Search code examples
pandasmulti-indexpandas-groupby

pandas groupby transform: multiple functions applied at the same time with custom names


as the title suggests, I want to be able to do the following (best explained with some code) [pandas 0.20.1 is mandatory]

import pandas as pd
import numpy as np

a = pd.DataFrame(np.random.rand(10, 4), columns=[['a','a','b','b'], ['alfa','beta','alfa','beta',]])

def as_is(x):
    return x
def power_2(x):
    return x**2

# desired result

a.transform([as_is, power_2])

the problem is the function could be more complex than this and thus I would lose the "naming" feature as pandas.DataFrame.transform only allows for lists to be passed whereas a dictionary would have been most convenient.

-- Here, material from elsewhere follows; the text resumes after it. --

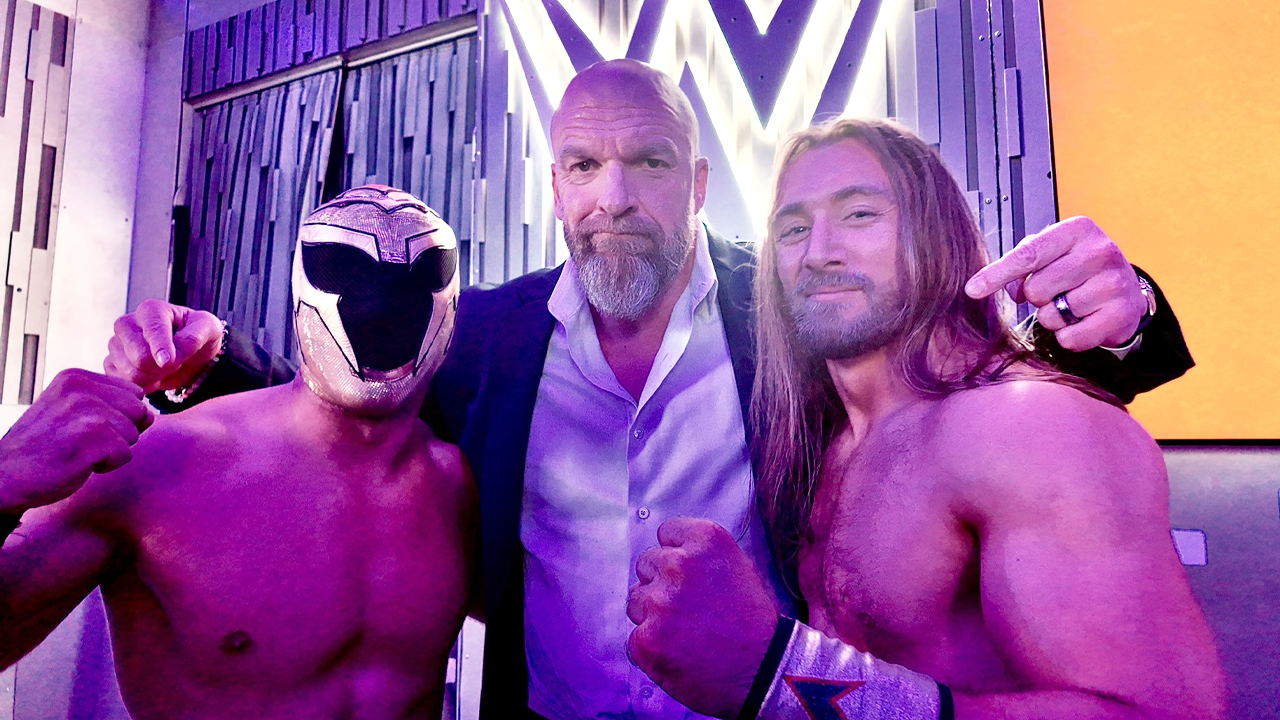 WWE SmackDown Fraxiom Triple H Axiom Nathan Frazer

going back to the basics, I got to this:

dict_funct= {'as_is': as_is, 'power_2': power_2}

def wrapper(x):
    return pd.concat({k: x.apply(v) for k,v in dict_funct.items()}, axis=1)

a.groupby(level=[0,1], axis=1).apply(wrapper)

but the output Dataframe is all nan, presumably due to multi-index columns ordering. is there any way I can fix this?


Solution

  • If need dict I remove paramater axis in concat to to default (axis=0), but then is necessary add parameter group_keys=False and function unstack:

    def wrapper(x):
        return pd.concat({k: x.apply(v) for k,v in dict_funct.items()})
    
    a.groupby(level=[0,1], axis=1, group_keys=False).apply(wrapper).unstack(0)
    

    Similar solution:

    def wrapper(x):
        return pd.concat({k: x.transform(v) for k,v in dict_funct.items()})
    
    a.groupby(level=[0,1], axis=1, group_keys=False).apply(wrapper).unstack(0)
    

    Another solution is simply add list comprehension:

    a.transform([v for k, v in dict_funct.items()])